Ansible notes

Agentless automation.

Ansible is a tool for provisioning servers, managing their configuration, and deploying applications.

Ansible = configuration management (Pupet, Chef) + deployment (Capistrano, Fabric) + ad-hoc task execution (Func, ssh).

Ansible aims to be:

Initial release: 2012.

When developers begin to think of infrastructure as part of their application, stability and performance become normative.

Ansible for DevOps by Jeff Geerling

Components

Commands

Aka tasks.

Ad-hoc commands:

ansible <group> -b -m <command> -a <arguments>  # -b == become (root)
ansible <group> -m ping -u <username>
ansible mygroup -b -m yum -a "name=ntp state=present"
ansible .... --limit "192.168.60.1"  # limit to one instance, can use patterns

Verbose:

ansible ... -vvvv

Combine commands into playbooks.

Available modules

Aka "task plugins" or "library plugins".

See Ansible modules:

Playbooks

Playbook - a set of tasks (plays) that will be run against a particular server or set of servers.

Example:

---
- hosts: all
  become: yes
  vars_files:
    - vars.yml
  vars:
    - myvar: myvalue
  pre_tasks:
    ...
  tasks:
  - name: Install ... {{ myvar }}
    yum: ...
    notity:
      - do something
  - include: my-tasks.yml
  post_tasks:
    ...
  handlers:
    - do something
      ...
    - include: my-handlers.yml

Privileged access (use sudo):

become: yes

Handlers: Running Operations On Change.

ansible-playbook utility

ansible-playbook arguments:

Conditional statements

when:

- apt:
  name: vim
  when: is_local
  # when: "(is_local is defined) and is_local"
  # when: "'ready' in my_result.stdout"
  # when: "my_result.stdout.find(another_var + '/some.js') == -1"

changed_when
failed_when
wait_for - e.g. wait for a server start listening on a port

Join playbooks

- hosts: all
  tasks:
    ...
- include: playbook1.yml
- include: playbook2.yml
  vars:
    - myvar: myvalue

And can combine with when and with loop statements.

Or use ansible roles.

Inventories

[app]
102.168.60.1
102.168.60.2

[db]
102.168.60.3

# group "multi"
[multi:children]
app
db

[multi:vars]
ansible_ssh_user=myuser
ansible_ssh_private_key_file=~/...

Can specify which inventory to use:

ansible-playbook myplaybook.yml -i inventories/myinventory

Inventories can be dynamic.

Variables

ansible variables.

Use all lowercase letters.

Passing a variables file:

ansible-playbook playbook.yaml --extra-vars "@vars.yml"
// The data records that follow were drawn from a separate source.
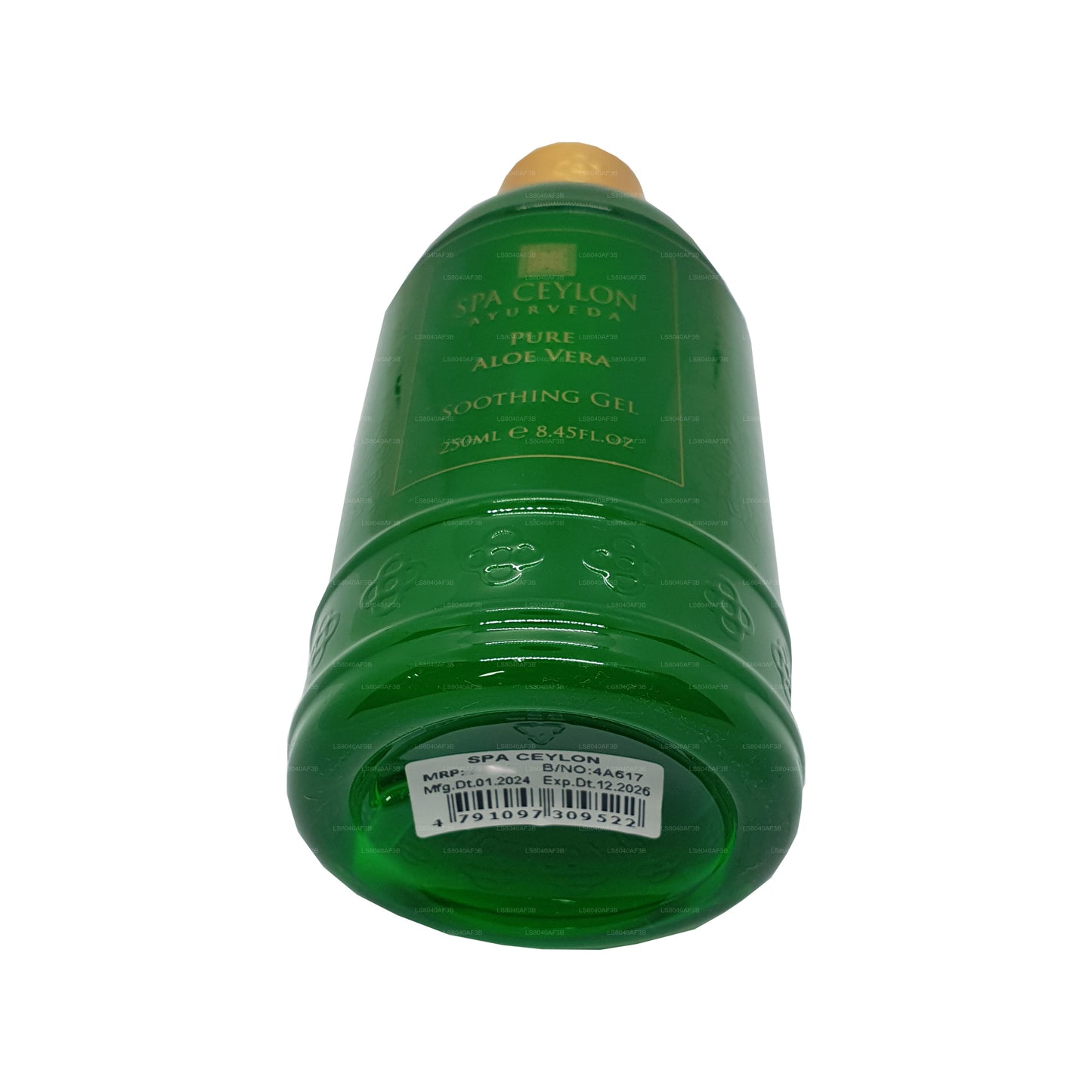 Spa Ceylon Pure Aloe Kojący Żel (250ml)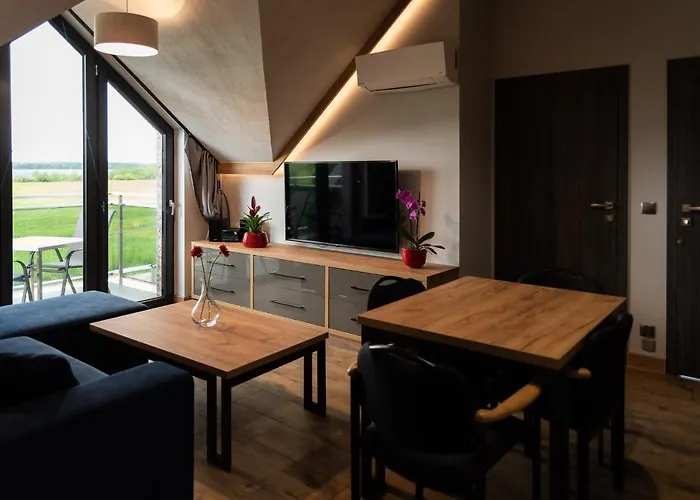 アパート Mazurski Rejs *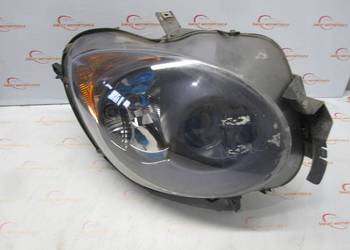ALFA ROMEO MITO 09r lampa lewa przód ANGLIK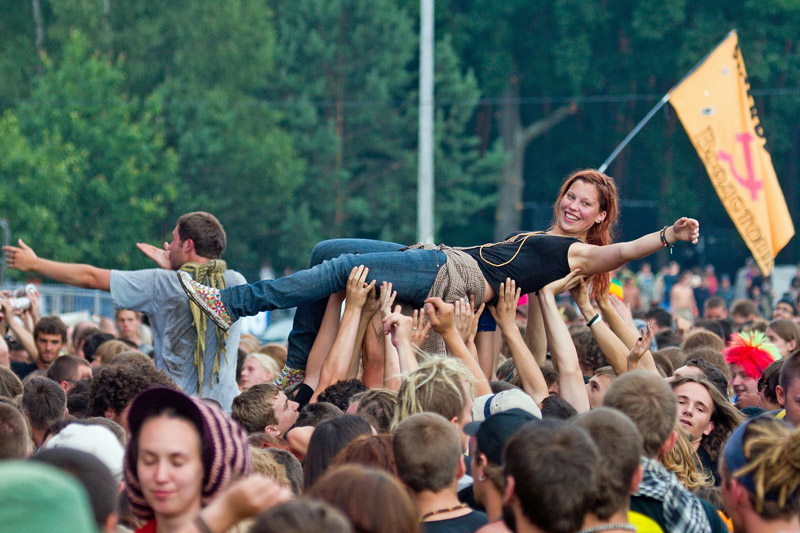 Woodstock 2008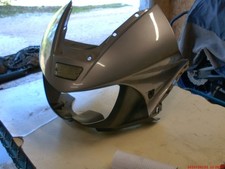 Carenage tete de fourche Yamaha 850 tdm 4tx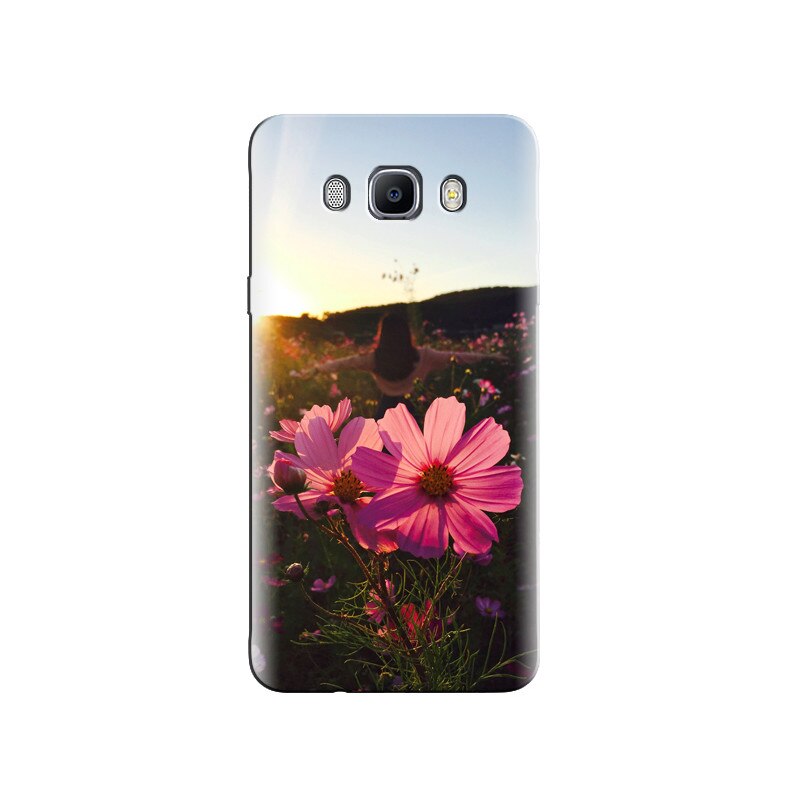 Husa Samsung J5 2016 Wild Flower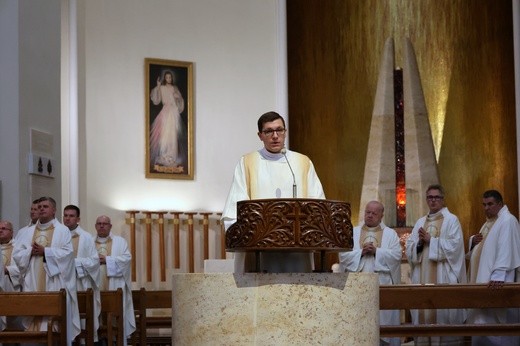 Katowice. Dzięczynienie za synod cz. 2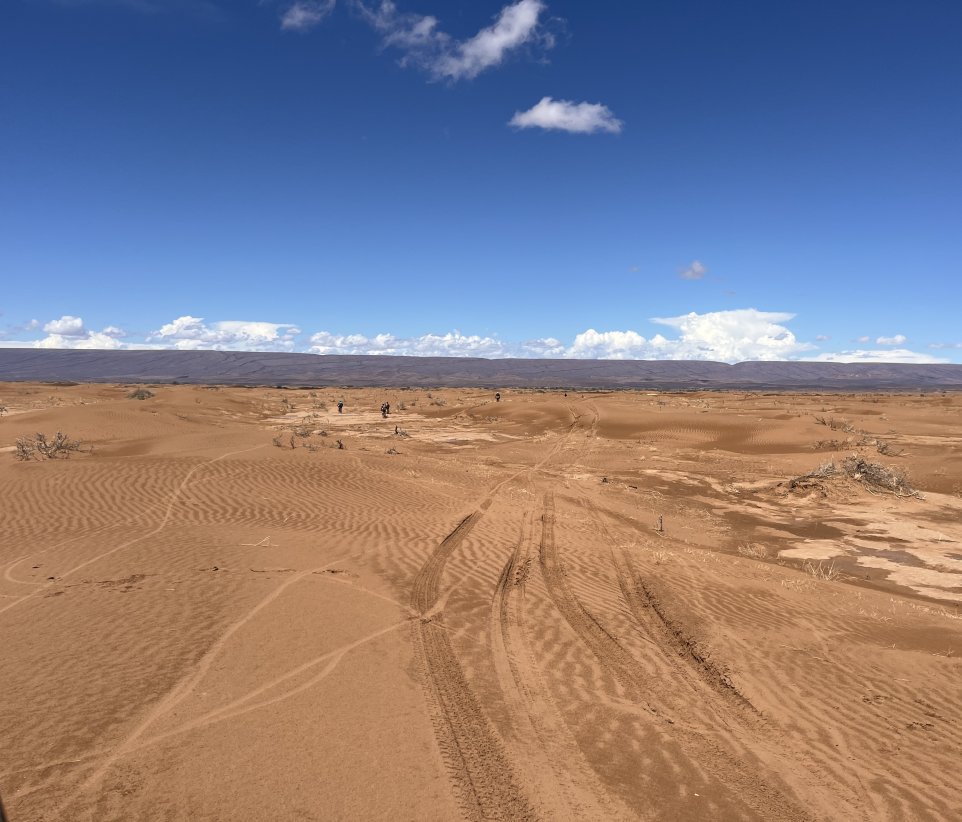 desert
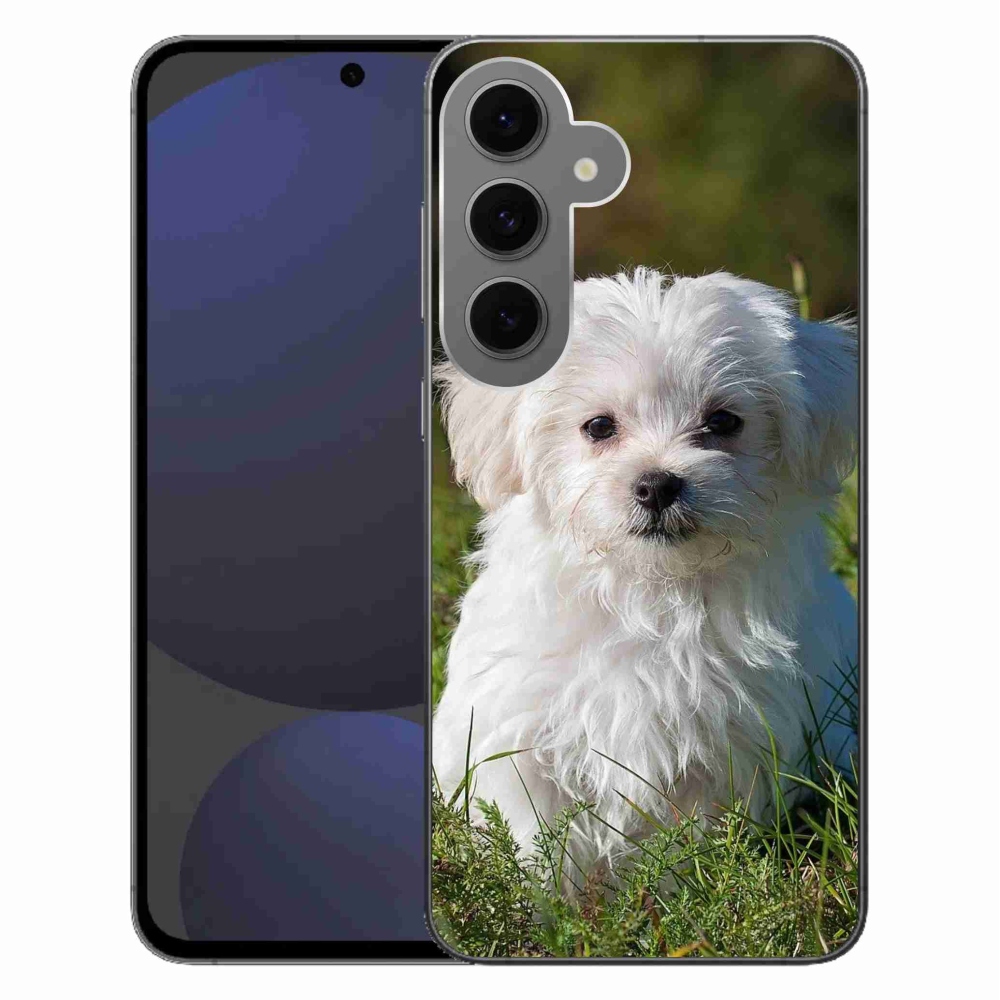 Gél tok mmCase a Samsung Galaxy S24 FE készülékhez - bichon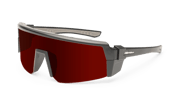 SMOKE Bomb Safety - Polarized Red Mirror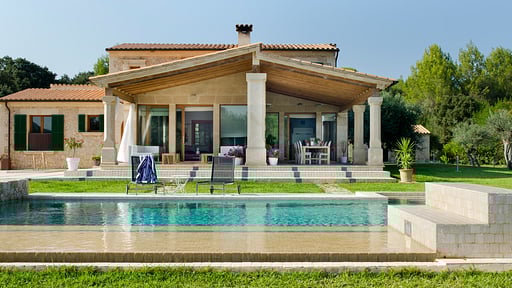 Villa Alvera Piscina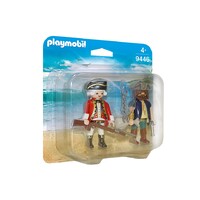 Playmobil Pirates - Pirate And Soldier Duo Pack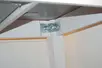 Стол Форест раздвижной 140 со вставкой белый воск/серый
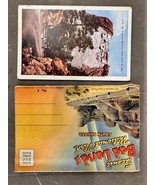 Vintage South Dakota State Postcards Badlands Black Hills Mt. Rushmore D... - €9,81 EUR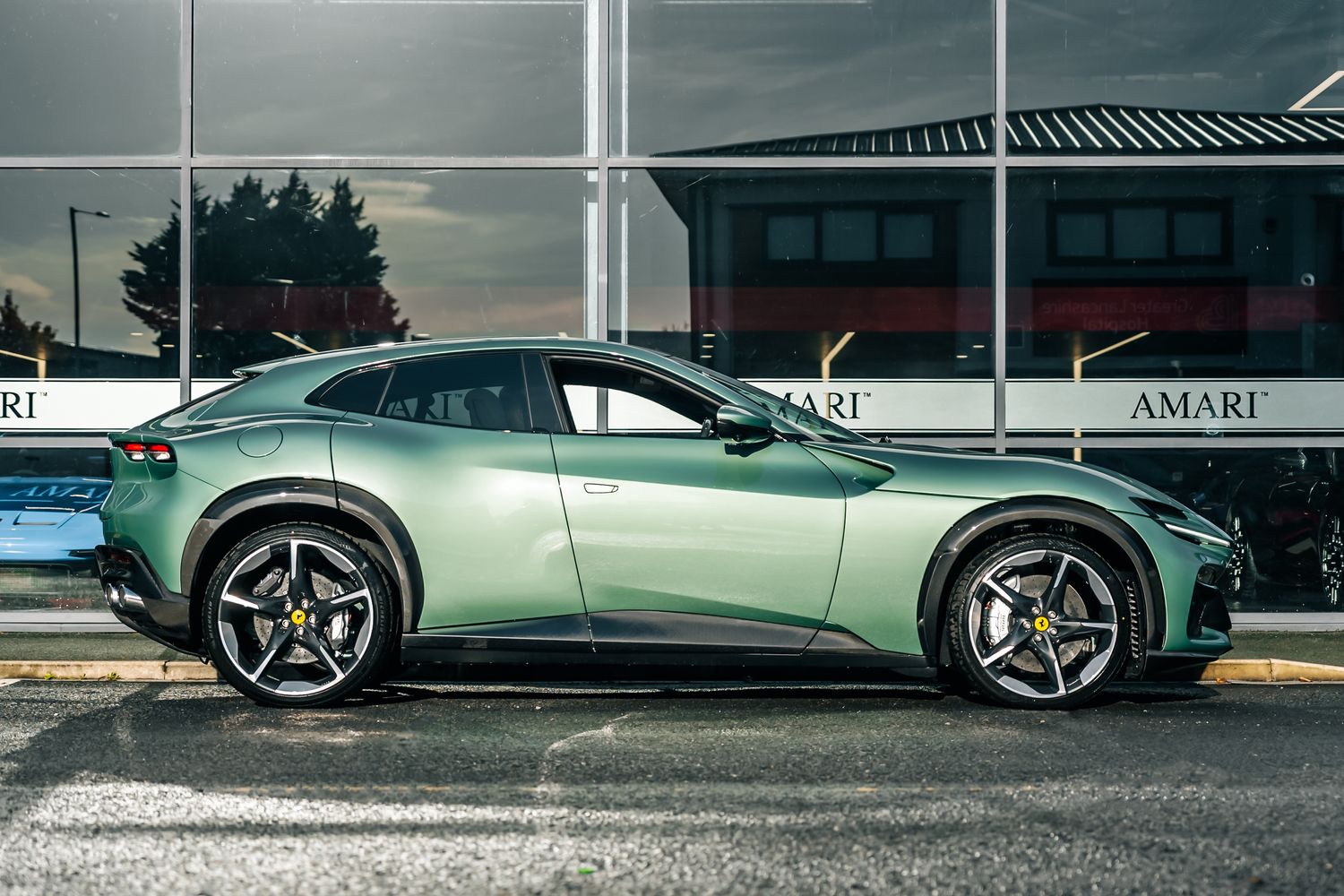 Ferrari Purosangue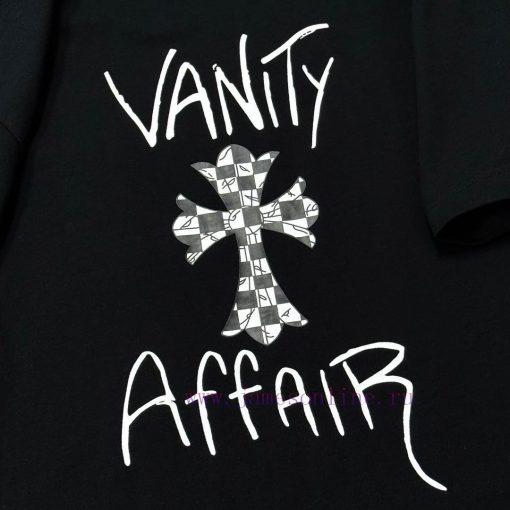 Chrome Hearts 25 Fabric Is Made Of 300g High-density Pure Cotton That Does Not Deform Or Shrink h5prjiub - Image 8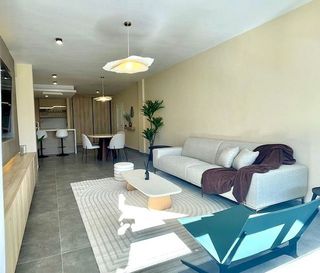 Piso en alquiler en Puerto Banús en Marbella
Registered variables: save command stdout and stderr.

- shell: <my_command>
  register:
    my_command_result
# "{{ my_command_result.stdout }}"

Facts are information derived from speaking with your remote systems.

Passing configuration through ENV variables

Ansible set ENV variables -> the app loads configuration from ENV variables.

Using ~/.bash_profile:

- tasks
  - name: "Set an environment variable"
    lineinfile:
      path=~/.bash_profile
      regexp=^ENV_VAR=
      line=ENV_VAR=value

For system-wide use: /etc/environment.

Per play:

- name:
  ...
  environment:
    my_env_var: my_value

Per shell command can use templates:

cd {{ app_home }} && ENV_KEY1={{ env_val1 }} ENV_KEY2={{ env_val2 }} {{ app_venv }}/bin/python myapp.py

Task:

- shell: "{{ lookup('template', 'mytemplate.j2') }}"

Per supervisor config:

[program:myapp]
command={{ app_home }}/.venv/bin/python myapp.py
process_name=myapp
user={{ app_user }}
directory={{ app_home }}
environment=ENV_KEY1="{{ env_value1 }}",ENV_KEY2="{{ env_value2 }}"

Sensitive values

ansible/variables/<env>-sensitive.yml
# (don't put it under git index)
# or specify them in command line:
ansible-playbook myplaybook.yml --extra-vars="myvar=myvalue"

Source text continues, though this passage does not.